**THE PROBLEM**:
Please retype the listing below exactly as it stands, skipping any pictures.

**RECORDS TO USE**:

- - - -

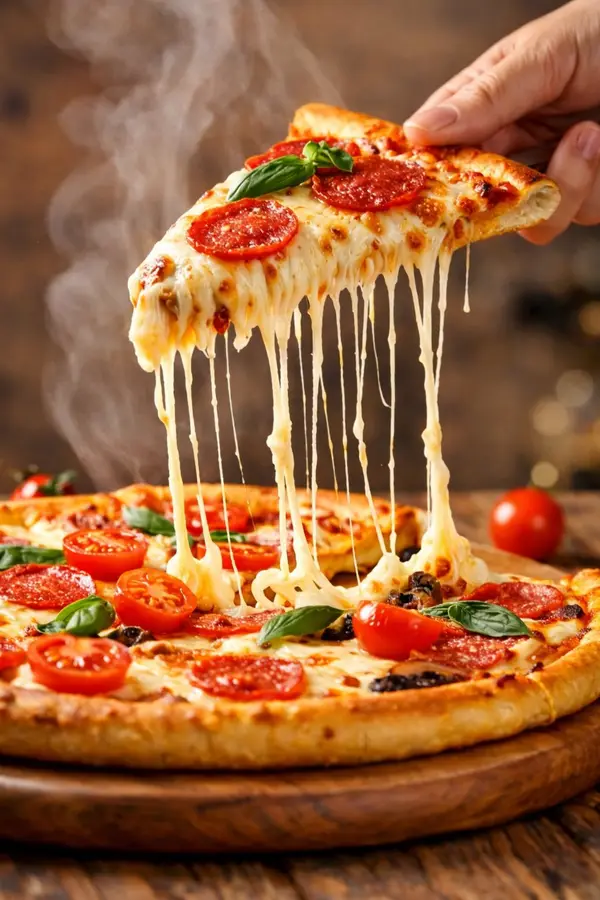 A hyper-realistic, cinematic close-up of a freshly baked pepperoni pizza slice… — Nano Banana Pro prompt by @Strength04_X
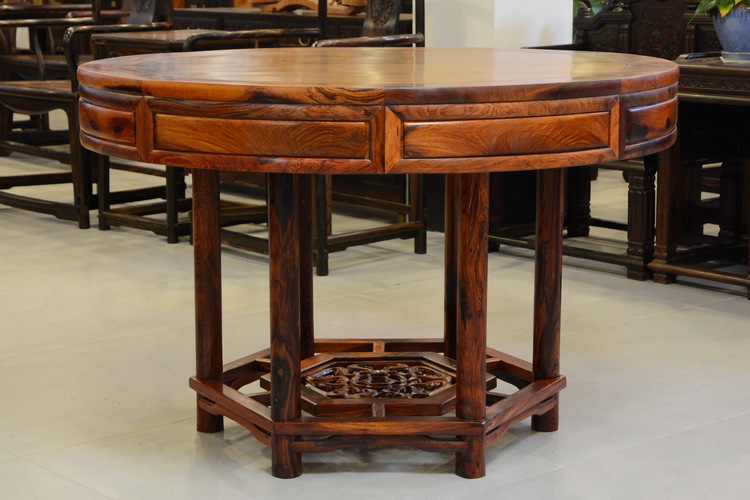 明清红木家具花枝餐桌明式圆形餐桌红木餐桌现货b1263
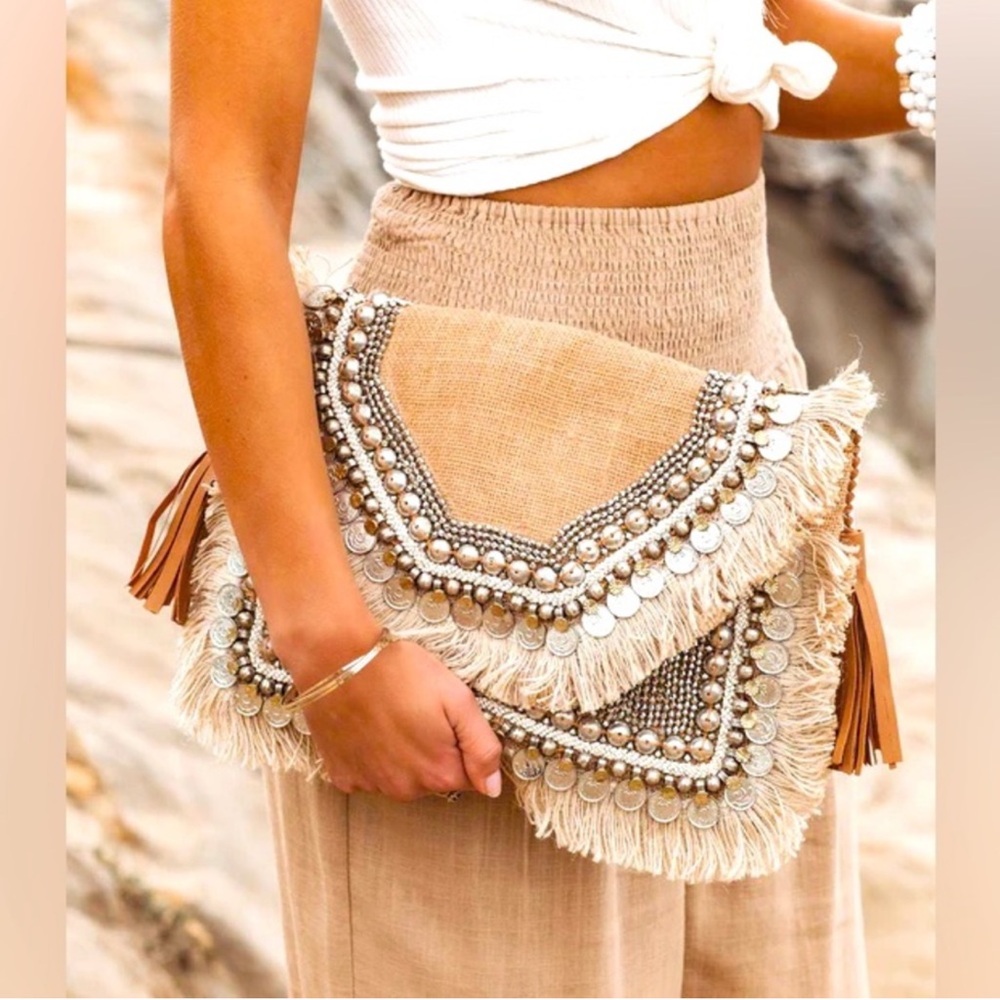 Revolve Shashi Leela Cream Coin Crossbody Purse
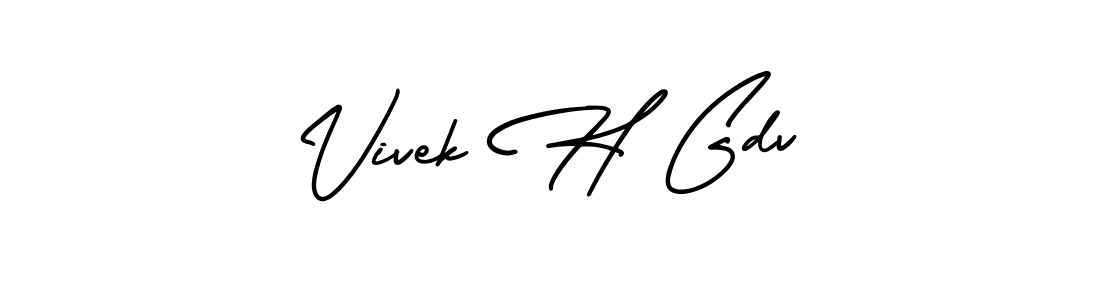 Also You can easily find your signature by using the search form. We will create Vivek H Gdv name handwritten signature images for you free of cost using AmerikaSignatureDemo-Regular sign style. Vivek H Gdv signature style 3 images and pictures png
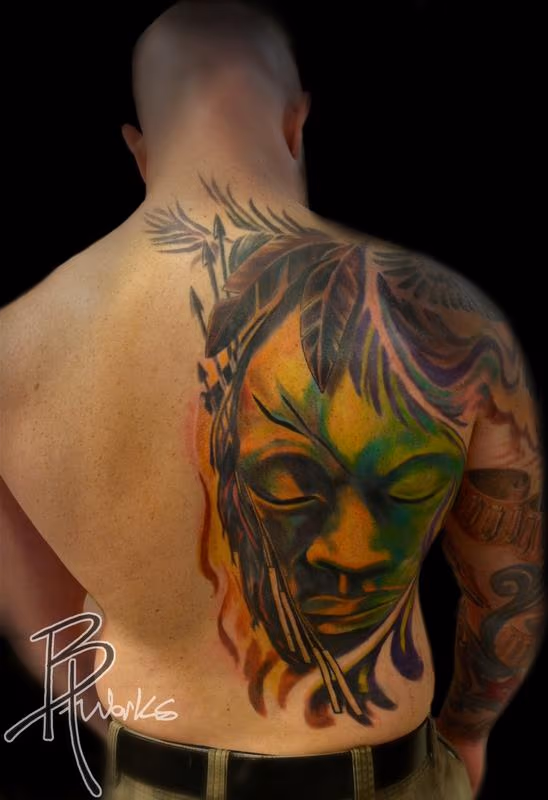 Tribal Mask Half-Back Piece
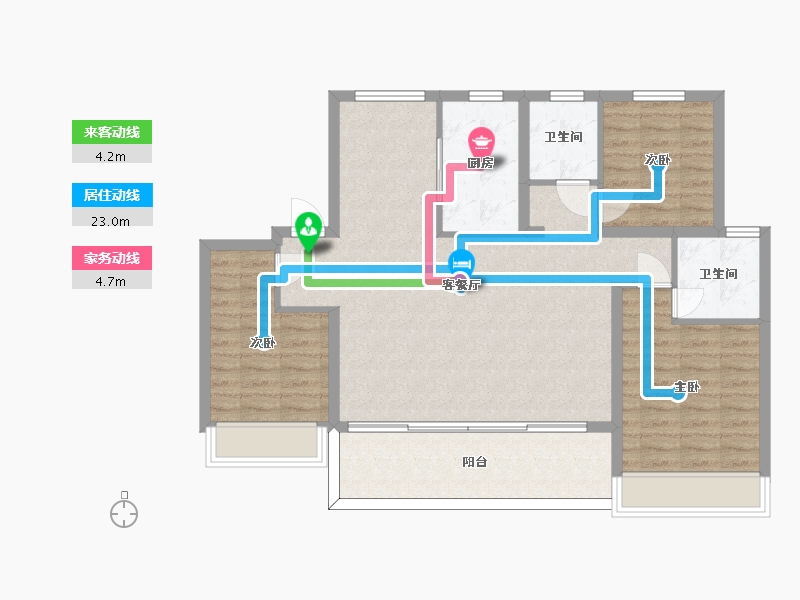 江苏省-苏州市-前山澜庭A户型125m²-100.00-户型库-动静线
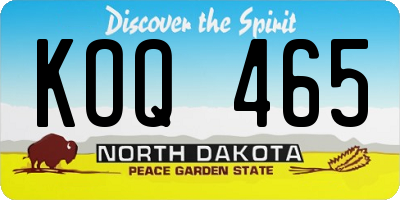 ND license plate KOQ465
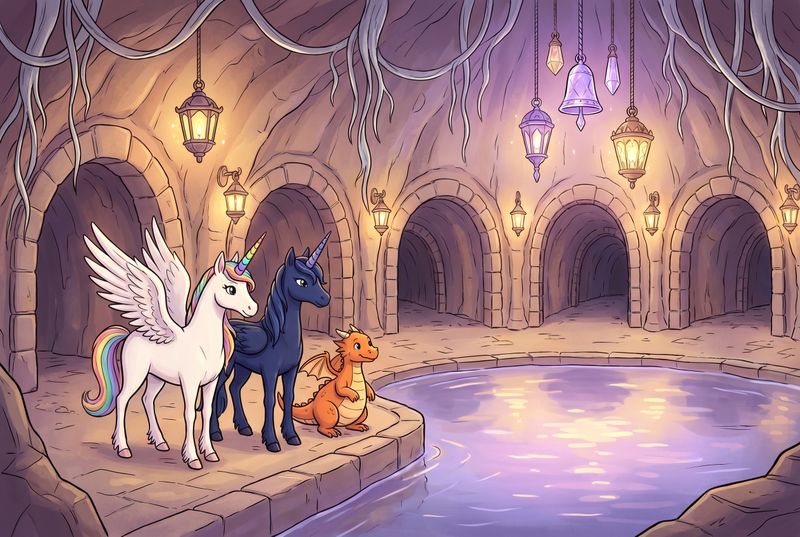 Luna the white alicorn with feathered wings and rainbow horn standing with Malara the dark alicorn and Ember the orange dragon in a glowing underground lantern harbor, surrounded by branching tunnels, violet-gold lanterns, silver roots, and a still shining pool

- - - -

**OUTPUT FOR THIS EXERCISE**:
 A hyper-realistic, cinematic close-up of a freshly baked pepperoni pizza slice… — Nano Banana Pro prompt by @Strength04_X
 明清红木家具花枝餐桌明式圆形餐桌红木餐桌现货b1263
 Revolve Shashi Leela Cream Coin Crossbody Purse
 Also You can easily find your signature by using the search form. We will create Vivek H Gdv name handwritten signature images for you free of cost using AmerikaSignatureDemo-Regular sign style. Vivek H Gdv signature style 3 images and pictures png
 Tribal Mask Half-Back Piece
 江苏省-苏州市-前山澜庭A户型125m²-100.00-户型库-动静线
 ND license plate KOQ465
 Luna the white alicorn with feathered wings and rainbow horn standing with Malara the dark alicorn and Ember the orange dragon in a glowing underground lantern harbor, surrounded by branching tunnels, violet-gold lanterns, silver roots, and a still shining pool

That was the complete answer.